The golfers further object to unsealing LIC invitation rules on grounds those rules are “in their initial stages of development” and comprise “part of a developing business model.” The golfers worry that disclosure could undermine LIV and may allow “the PGA Tour or others” to harm the players filing suit and LIV, or sow confusion in the marketplace.
The core challenge for the golfers is that bringing a lawsuit, unlike pursuing arbitration, mediation or other private forums for dispute resolution, generally means accepting the public’s right to access court filings. Courts, funded by taxpayers, are public venues.
Attorneys for the PGA Tour stress that point. The Tour doesn’t object to Freeman sealing individually negotiated financial terms or redacting personal identification data. But it insists that LIV golfers’ privacy demands are so broad they could “set an untenable precedent that would make it difficult to litigate this case in a public forum.”
To that end, the Tour objects to censoring provisions in player agreements with LIV “that have nothing to do with [golfers’] compensation” or aren’t otherwise deserving of concealment. Those provisions include LIV golfers’ use of social media and products with logos when playing LIV events. They also concern apparel obligations, playing commitments for LIV events, opportunity to play in competing events, LIV’s ability to issue player fines or impose other remedies for breaking rules, the duration of LIV contracts and identity of LIV’s lawyers.
The Tour contends that much of what the golfers want sealed has already been disclosed by their attorneys in court, disclosed by journalists or lacks a recognized justification for privacy. For example, the Tour questions how LIV tournament rules and regulations could be considered trade secrets when LIV golfers haven’t treated Tour rules and regulations the same way. Golfers, the tour says, “cannot file a public complaint that repeatedly quotes from the Tour’s regulations and attaches them as an exhibit, while at the same time asking the Court to shield LIV’s corresponding regulations from public view as a purported trade secret.”
The Tour also insists that much of what the golfers seek to shield consists of materials “highly relevant to the core issues in the litigation”—which centers on LIV golfers’ contention that in exerting control over where and how elite golfers sell their services, the PGA Tour has violated antitrust law. The Tour’s attorneys say LIV contracts, which they maintain are more restrictive than tour contracts, “bear directly on plaintiffs’ antitrust claims” since they shed light on market competition.

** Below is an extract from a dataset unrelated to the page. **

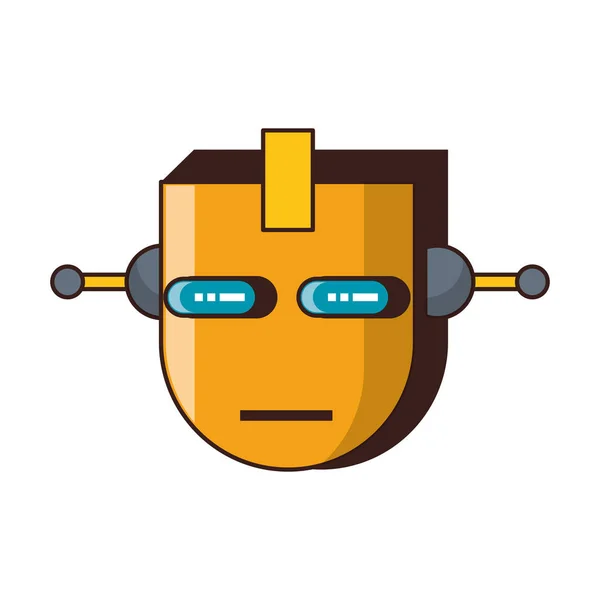 Robot funny character cartoon head isolated — Stock Vector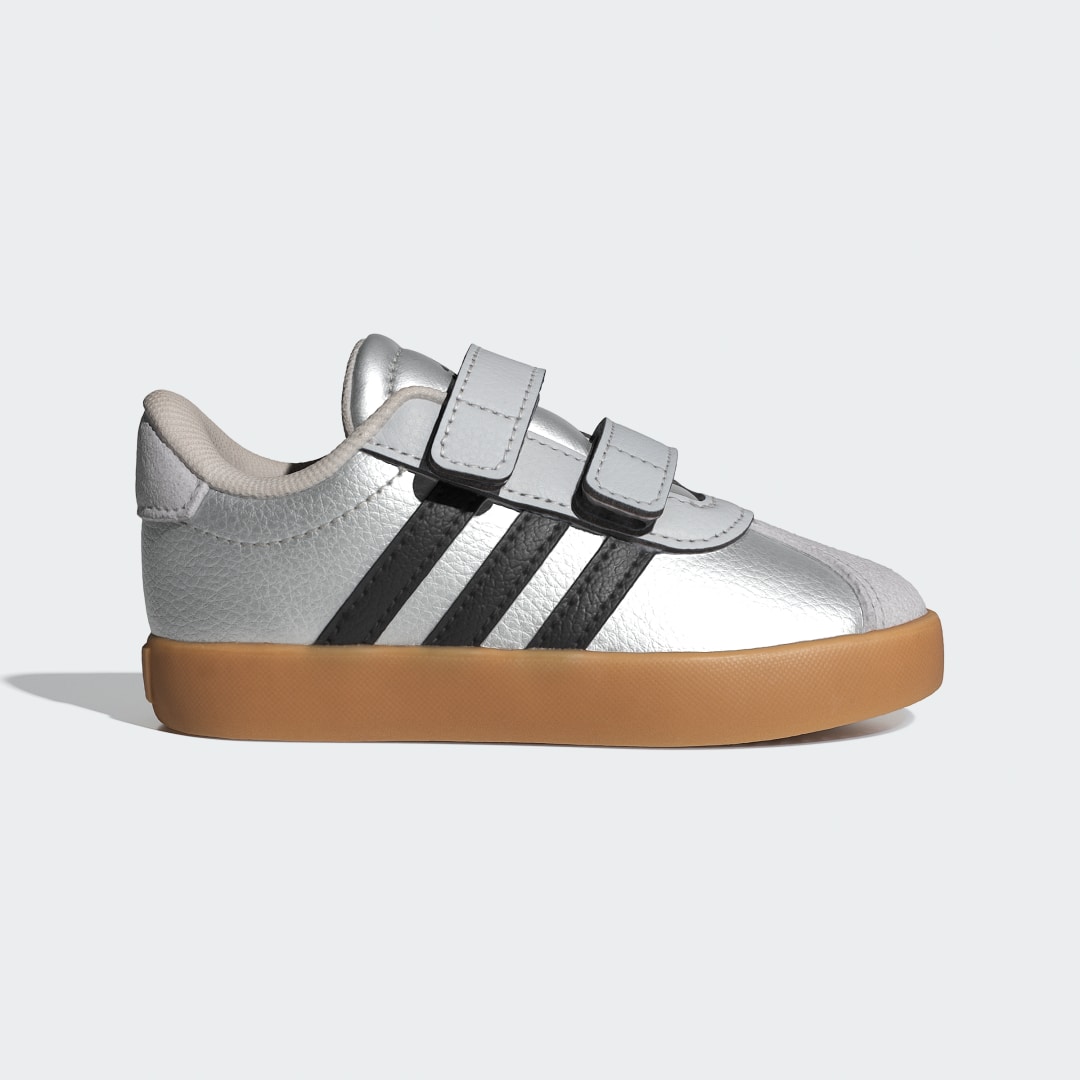 Adidas Vl Court 3.0 Skateboard Kids Silver Metallic / Core Black / Light Solid Grey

Tour attorneys also cite the transcript for a hearing earlier this month when golfers’ attorneys asserted the Tour misunderstood or misstated provisions in LIV contracts and assured that Gooch, Swafford and Jones wouldn’t “show up in their LIV gear” at Tour events. “Now,” the Tour maintains, the golfers “seek to seal the provisions of the LIV agreements bearing on their counsel’s on-the-record statement.”
As Freeman considers the competing arguments on sealing, the case is headed for a lengthy trajectory. A nine-day jury trial is currently scheduled to begin on Jan. 8, 2024, at the Robert F. Peckham Federal Building and U.S. Court in San Jose. The trial date is subject to postponement, a real possibility here given that both sides have retained large and high-priced legal teams that will likely file numerous pretrial and discovery motions. The loser of the trial would likely appeal to the Ninth Circuit, setting off additional years of litigation. The two sides could settle out of court at any point.
It appears that LIV’s ascendency has already made the market for elite golfers’ services more competitive and dynamic. Last week, PGA Tour commissioner Jay Monahan pledged to increase compensation, prizes and other benefits for golfers, while the tour has joined Tiger Woods and Rory McIlroy in launching a tech-heavy league.